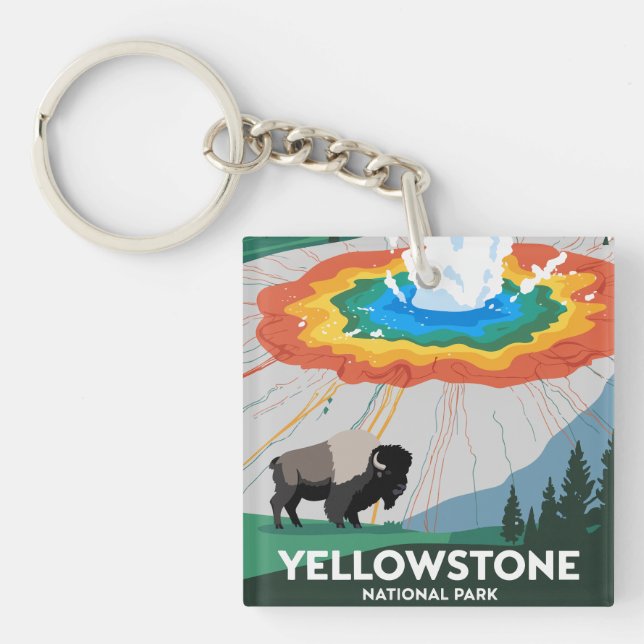 Vivid Yellowstone National Park Key Ring (Front)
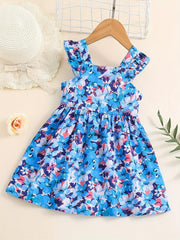 Girls Ruffled Sleeves Princess Dress Summer Clothes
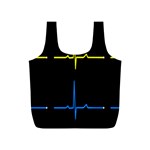 Heart Monitor Screens Pulse Trace Motion Black Blue Yellow Waves Full Print Recycle Bags (S)  Back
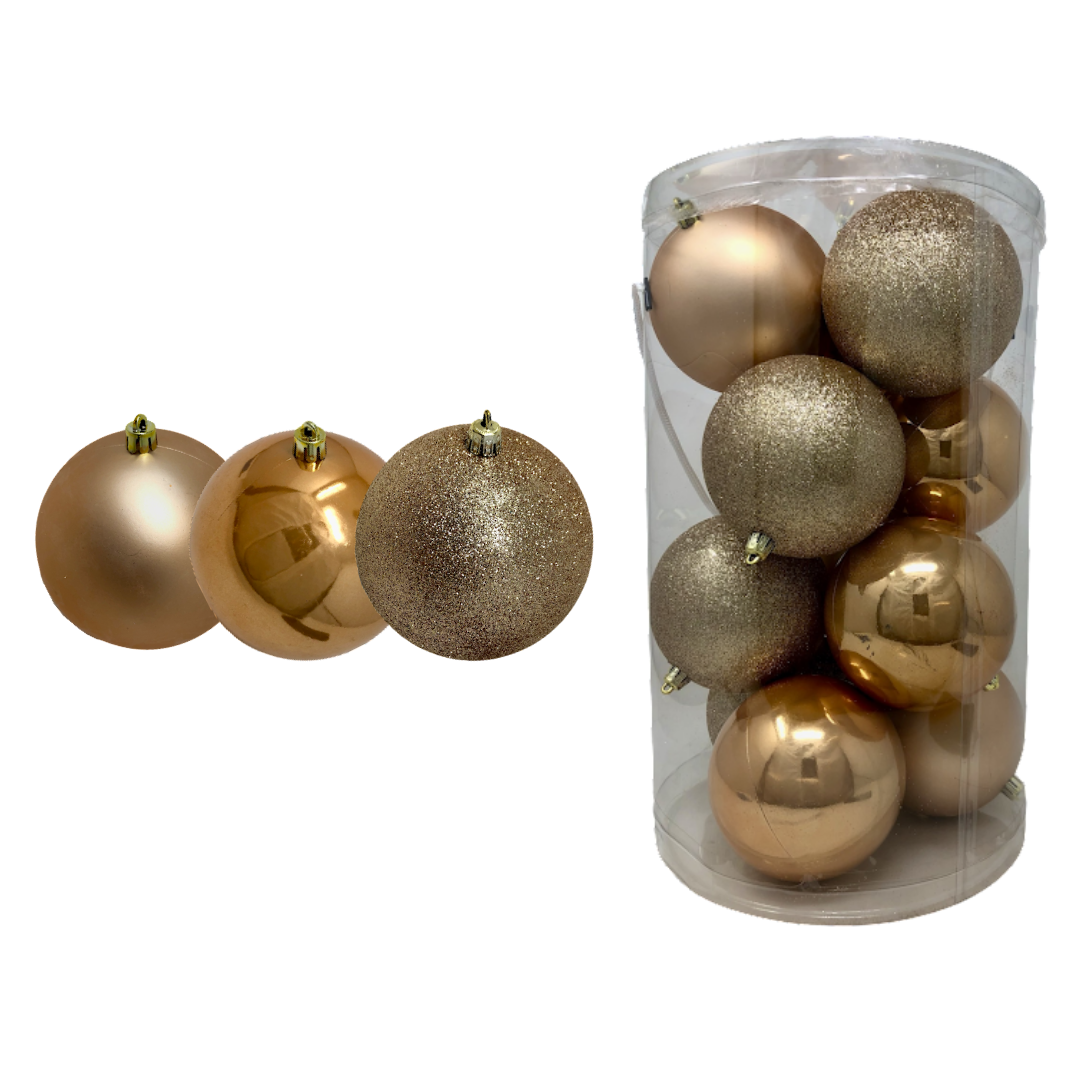 (BHK01064CP) Esfera de 10 cm c/12 pz tarro bronce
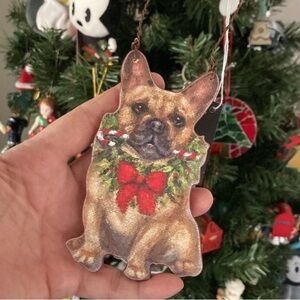 primitives by Kathy French Bulldog Christmas tree ornament NEW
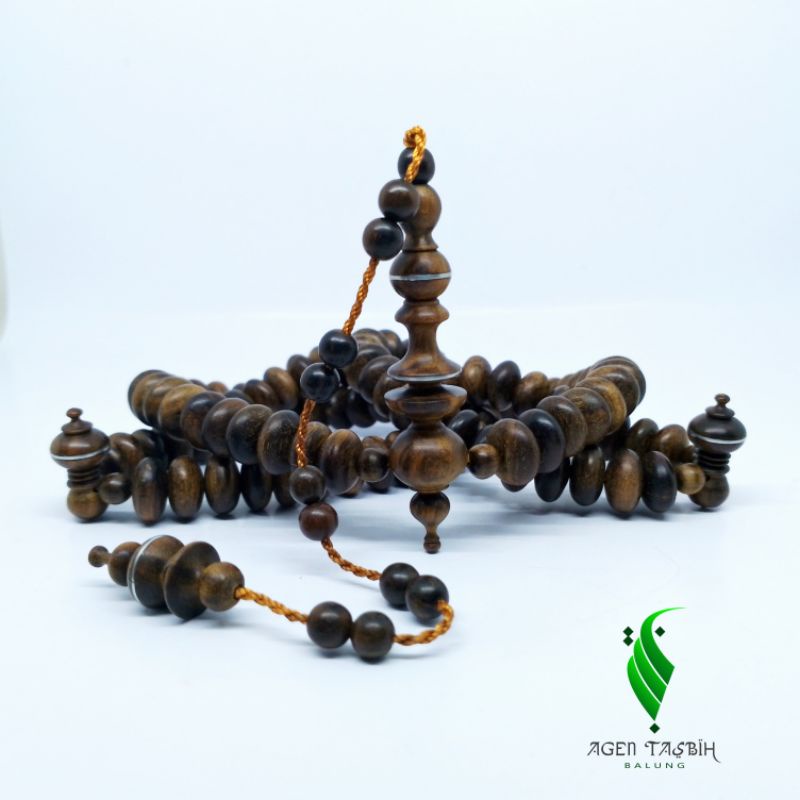 Tasbih Kayu Galih Kemuning Hitam Pipih Original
○ ○ ○
**TASK OBJECTIVE**
Pictures in the entries are to be skipped, and everything else repeated word for word.

**RESULT BELOW**
 Vivid Yellowstone National Park Key Ring (Front)
 Girls Ruffled Sleeves Princess Dress Summer Clothes
 Heart Monitor Screens Pulse Trace Motion Black Blue Yellow Waves Full Print Recycle Bags (S)  Back
 (BHK01064CP) Esfera de 10 cm c/12 pz tarro bronce
 primitives by Kathy French Bulldog Christmas tree ornament NEW
 Tasbih Kayu Galih Kemuning Hitam Pipih Original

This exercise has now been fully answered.